Models have improved on this metric over time. Claude 3 and Gemini 1.5 Pro showed strong needle-in-a-haystack performance across nearly their full context, but "nearly" is doing real work -- edge cases and multi-hop reasoning across long context remain challenging.

Why It Matters

The context window is one of the most practically important properties of an LLM:

Document analysis: A 128K context window can hold approximately a 300-page book. A 4K window holds roughly 6 pages. This determines whether you can ask questions about an entire codebase or just a single file.
Conversation memory: In chatbot applications, the context window IS the model's memory. When the conversation exceeds the window, older messages must be dropped. This is why chatbots "forget" things from earlier in a conversation.
Agentic workflows: LLM agents that iterate on tasks accumulate context rapidly. Tool calls, observations, and reasoning traces can consume the entire context window within a few dozen steps.
Cost: Longer context means more tokens processed, and API costs scale with token count. Processing 128K tokens is ~32x more expensive than processing 4K tokens, all else being equal.
Latency: Time-to-first-token increases with context length because the entire prompt must be processed before generation begins. The prefill time scales with context length (approximately linearly with FlashAttention, quadratically without).

Key Technical Details

The KV cache stores key and value tensors for all previous tokens across all layers during autoregressive generation. For a 70B parameter model with 128K context, the KV cache alone can exceed 40 GB of memory.
Context window limits apply to input + output combined. If the model has a 128K context window and your input is 120K tokens, the model can only generate ~8K tokens of output.
Sliding window attention (used by Mistral 7B) limits each token to attending to only the previous $W$ tokens (e.g., $W = 4096$ ). Information beyond the window can still propagate through multiple layers, but with degradation. This is a $O (n \cdot W)$ approach.
Prefix caching allows reuse of computed KV caches across requests that share a common prefix (e.g., the same system prompt), dramatically reducing latency for applications with repeated long context.
Context window expansion through RoPE modification (PI, NTK, YaRN) typically requires continued pretraining or fine-tuning on long sequences.

Common Misconceptions

"A model with 128K context remembers everything in 128K tokens equally well." The "lost in the middle" phenomenon shows this is false. Position of information matters.
"Longer context is always better." Longer context adds latency, cost, and can introduce irrelevant information that distracts the model. For many tasks, well-curated short context outperforms dumping everything into a long context.
"Context window and training data length are the same." Models can be trained on short sequences and extended at inference time through positional interpolation, though this may require fine-tuning.
"RAG is just a workaround for small context windows." Even with million-token context, RAG remains valuable because retrieval can be more precise than relying on the model to find relevant passages in a sea of tokens, and it avoids the cost of processing irrelevant context.
"Running out of context makes the model stop." When output hits the context limit, the model generates an EOS token or is truncated. It doesn't crash -- it just stops, potentially mid-sentence.

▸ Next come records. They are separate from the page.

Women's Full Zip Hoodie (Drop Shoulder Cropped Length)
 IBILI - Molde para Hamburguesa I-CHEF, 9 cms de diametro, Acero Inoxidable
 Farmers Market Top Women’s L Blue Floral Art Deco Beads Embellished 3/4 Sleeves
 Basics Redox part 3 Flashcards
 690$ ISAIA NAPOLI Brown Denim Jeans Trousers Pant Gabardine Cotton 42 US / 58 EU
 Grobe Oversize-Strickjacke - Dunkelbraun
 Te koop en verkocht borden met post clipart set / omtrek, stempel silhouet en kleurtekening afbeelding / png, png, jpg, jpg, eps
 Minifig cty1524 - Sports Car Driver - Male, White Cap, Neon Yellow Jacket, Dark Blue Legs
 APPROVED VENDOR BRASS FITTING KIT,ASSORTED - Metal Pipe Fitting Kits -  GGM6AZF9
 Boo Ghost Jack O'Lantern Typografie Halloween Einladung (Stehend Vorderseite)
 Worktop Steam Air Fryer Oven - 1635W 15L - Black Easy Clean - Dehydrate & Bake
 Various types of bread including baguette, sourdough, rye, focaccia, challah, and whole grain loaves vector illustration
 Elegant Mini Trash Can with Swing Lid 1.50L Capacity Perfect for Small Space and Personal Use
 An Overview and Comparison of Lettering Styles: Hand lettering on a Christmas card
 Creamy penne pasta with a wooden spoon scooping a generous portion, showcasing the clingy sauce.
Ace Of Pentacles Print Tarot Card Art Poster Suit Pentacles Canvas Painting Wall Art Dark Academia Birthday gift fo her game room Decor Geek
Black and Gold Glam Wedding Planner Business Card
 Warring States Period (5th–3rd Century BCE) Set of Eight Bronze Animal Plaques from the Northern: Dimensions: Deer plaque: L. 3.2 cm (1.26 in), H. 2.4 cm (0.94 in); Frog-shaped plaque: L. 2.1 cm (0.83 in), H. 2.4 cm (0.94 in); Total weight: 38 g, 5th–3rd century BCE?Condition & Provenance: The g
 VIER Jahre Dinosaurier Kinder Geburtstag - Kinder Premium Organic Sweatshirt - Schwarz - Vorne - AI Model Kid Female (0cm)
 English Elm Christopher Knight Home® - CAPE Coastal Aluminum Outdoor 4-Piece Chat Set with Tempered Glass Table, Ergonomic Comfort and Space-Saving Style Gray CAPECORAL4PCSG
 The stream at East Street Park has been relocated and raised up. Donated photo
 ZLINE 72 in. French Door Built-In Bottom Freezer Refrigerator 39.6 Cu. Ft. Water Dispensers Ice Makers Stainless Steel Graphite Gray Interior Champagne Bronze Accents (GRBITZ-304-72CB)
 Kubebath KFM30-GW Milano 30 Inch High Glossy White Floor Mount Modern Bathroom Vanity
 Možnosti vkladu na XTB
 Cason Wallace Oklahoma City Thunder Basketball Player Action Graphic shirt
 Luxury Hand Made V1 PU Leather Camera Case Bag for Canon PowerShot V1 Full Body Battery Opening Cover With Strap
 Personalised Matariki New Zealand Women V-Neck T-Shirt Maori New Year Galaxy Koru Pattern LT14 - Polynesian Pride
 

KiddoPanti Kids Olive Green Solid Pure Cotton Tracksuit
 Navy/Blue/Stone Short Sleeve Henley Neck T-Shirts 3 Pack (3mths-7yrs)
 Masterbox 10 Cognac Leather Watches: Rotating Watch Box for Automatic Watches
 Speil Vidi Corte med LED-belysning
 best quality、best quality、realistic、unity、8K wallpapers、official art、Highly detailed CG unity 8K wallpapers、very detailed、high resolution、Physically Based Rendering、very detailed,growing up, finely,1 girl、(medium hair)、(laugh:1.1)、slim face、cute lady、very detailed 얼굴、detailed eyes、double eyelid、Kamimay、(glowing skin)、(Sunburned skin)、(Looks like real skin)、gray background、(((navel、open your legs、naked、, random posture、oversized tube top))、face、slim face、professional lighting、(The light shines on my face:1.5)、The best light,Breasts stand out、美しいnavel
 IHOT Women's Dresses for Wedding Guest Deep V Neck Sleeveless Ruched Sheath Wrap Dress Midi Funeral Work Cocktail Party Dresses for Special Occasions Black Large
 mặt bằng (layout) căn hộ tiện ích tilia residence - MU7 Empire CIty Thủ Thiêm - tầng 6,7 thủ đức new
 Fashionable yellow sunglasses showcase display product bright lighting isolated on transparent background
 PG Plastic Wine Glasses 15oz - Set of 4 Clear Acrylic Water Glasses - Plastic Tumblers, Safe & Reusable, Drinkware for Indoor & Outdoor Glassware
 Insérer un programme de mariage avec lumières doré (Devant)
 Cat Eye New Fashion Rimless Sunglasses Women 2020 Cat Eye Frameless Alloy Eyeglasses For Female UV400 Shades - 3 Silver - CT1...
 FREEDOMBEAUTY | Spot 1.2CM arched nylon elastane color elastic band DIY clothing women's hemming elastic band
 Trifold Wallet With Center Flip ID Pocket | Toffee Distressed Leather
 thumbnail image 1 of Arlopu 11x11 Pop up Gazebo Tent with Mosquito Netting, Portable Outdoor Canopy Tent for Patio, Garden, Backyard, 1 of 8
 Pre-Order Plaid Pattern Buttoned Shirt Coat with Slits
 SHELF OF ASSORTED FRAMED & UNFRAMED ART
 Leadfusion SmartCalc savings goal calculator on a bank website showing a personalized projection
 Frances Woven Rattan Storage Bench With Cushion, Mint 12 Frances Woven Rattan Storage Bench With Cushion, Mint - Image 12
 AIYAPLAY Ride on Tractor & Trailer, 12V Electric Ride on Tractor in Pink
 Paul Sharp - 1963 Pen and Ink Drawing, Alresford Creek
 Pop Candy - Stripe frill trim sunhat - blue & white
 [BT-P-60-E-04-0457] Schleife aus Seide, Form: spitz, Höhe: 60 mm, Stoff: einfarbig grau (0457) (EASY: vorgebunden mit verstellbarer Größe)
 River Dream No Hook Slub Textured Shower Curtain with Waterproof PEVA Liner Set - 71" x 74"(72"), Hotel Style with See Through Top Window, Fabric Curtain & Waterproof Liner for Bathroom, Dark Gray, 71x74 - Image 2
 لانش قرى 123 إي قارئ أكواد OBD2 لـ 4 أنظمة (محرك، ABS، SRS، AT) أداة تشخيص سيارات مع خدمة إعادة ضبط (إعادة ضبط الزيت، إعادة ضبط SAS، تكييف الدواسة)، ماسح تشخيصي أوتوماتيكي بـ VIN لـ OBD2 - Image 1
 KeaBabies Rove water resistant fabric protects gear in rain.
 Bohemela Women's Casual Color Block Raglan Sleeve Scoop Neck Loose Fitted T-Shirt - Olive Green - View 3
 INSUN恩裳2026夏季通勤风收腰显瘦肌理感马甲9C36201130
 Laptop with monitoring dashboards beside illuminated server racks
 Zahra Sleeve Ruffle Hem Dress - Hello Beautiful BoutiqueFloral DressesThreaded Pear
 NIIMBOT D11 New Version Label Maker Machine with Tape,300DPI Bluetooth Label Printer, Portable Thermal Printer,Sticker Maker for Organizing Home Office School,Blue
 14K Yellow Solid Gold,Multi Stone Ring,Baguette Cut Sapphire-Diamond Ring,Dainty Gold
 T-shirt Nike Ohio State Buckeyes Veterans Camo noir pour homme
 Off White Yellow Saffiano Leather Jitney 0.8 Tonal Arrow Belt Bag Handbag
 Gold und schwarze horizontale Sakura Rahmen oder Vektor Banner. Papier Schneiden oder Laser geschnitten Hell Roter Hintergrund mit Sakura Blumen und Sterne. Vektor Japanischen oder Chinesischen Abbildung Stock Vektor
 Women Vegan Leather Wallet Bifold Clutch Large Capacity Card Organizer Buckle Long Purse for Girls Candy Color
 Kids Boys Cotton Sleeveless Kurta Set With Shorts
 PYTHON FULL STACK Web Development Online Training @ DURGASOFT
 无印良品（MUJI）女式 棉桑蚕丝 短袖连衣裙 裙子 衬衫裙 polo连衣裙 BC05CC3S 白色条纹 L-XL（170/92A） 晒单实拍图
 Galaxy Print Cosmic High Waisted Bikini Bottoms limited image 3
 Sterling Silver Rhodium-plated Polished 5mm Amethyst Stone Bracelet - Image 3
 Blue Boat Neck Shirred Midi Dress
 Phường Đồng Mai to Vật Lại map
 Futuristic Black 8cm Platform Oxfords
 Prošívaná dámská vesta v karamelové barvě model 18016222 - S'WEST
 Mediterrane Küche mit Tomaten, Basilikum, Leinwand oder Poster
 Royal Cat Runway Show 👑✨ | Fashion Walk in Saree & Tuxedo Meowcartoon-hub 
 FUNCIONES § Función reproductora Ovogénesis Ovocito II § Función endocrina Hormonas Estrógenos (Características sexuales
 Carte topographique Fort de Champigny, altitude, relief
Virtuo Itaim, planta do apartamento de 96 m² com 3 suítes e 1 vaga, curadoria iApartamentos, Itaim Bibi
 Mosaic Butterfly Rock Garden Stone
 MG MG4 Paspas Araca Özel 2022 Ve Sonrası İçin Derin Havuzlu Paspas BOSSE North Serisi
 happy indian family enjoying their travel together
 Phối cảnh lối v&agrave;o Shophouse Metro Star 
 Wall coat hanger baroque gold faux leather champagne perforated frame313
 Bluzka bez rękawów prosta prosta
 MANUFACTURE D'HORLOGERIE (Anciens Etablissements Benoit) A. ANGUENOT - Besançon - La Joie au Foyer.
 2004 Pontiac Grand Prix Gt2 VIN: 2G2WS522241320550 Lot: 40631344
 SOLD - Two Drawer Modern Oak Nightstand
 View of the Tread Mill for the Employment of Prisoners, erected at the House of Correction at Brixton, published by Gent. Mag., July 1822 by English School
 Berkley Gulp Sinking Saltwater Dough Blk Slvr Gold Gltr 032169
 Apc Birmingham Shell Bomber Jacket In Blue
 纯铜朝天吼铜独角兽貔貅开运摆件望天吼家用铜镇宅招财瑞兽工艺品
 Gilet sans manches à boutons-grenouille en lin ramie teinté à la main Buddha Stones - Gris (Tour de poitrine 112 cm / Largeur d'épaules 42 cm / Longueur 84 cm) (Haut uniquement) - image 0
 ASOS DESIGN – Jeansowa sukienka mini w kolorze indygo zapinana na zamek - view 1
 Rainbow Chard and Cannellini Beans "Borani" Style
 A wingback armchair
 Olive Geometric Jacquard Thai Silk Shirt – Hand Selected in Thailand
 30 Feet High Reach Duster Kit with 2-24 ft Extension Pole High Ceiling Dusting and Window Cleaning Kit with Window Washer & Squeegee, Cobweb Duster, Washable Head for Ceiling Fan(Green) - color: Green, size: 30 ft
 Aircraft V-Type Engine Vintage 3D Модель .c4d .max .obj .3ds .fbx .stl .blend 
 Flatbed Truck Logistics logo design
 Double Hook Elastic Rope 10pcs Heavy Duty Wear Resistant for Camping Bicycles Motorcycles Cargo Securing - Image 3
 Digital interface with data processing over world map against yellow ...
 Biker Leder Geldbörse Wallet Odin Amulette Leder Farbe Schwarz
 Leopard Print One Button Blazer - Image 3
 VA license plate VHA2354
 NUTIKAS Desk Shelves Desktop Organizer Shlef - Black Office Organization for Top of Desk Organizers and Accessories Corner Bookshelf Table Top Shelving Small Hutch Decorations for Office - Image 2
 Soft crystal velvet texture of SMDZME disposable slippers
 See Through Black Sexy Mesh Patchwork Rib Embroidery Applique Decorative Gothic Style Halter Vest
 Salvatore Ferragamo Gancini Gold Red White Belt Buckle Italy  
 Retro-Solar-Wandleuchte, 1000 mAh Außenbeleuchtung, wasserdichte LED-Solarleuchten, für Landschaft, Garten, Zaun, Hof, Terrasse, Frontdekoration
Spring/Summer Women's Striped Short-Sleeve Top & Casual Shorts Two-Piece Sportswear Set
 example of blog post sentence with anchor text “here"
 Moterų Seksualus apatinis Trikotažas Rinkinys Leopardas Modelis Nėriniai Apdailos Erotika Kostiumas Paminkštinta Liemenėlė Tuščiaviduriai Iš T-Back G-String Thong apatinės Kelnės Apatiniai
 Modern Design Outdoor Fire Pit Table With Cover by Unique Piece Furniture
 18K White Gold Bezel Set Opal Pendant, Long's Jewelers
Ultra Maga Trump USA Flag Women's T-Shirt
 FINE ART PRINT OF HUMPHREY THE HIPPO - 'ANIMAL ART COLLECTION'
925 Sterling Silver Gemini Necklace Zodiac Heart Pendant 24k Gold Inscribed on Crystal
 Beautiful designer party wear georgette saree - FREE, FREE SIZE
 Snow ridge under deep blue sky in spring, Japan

Connections to Other Concepts

positional-encoding.md: The positional encoding scheme determines the model's native context length and its ability to extend beyond training length.
tokenization.md: Tokenization efficiency directly converts between "words of text" and "tokens consumed," determining how much human-readable content fits in the window.
token-embeddings.md: Each position in the context window is occupied by an embedding vector; the full context is a matrix of these vectors.
special-tokens.md: The BOS token anchors position 0, and the EOS token signals the end of useful context.
self-attention.md: The quadratic cost of attention with respect to sequence length is the fundamental computational constraint on context window size.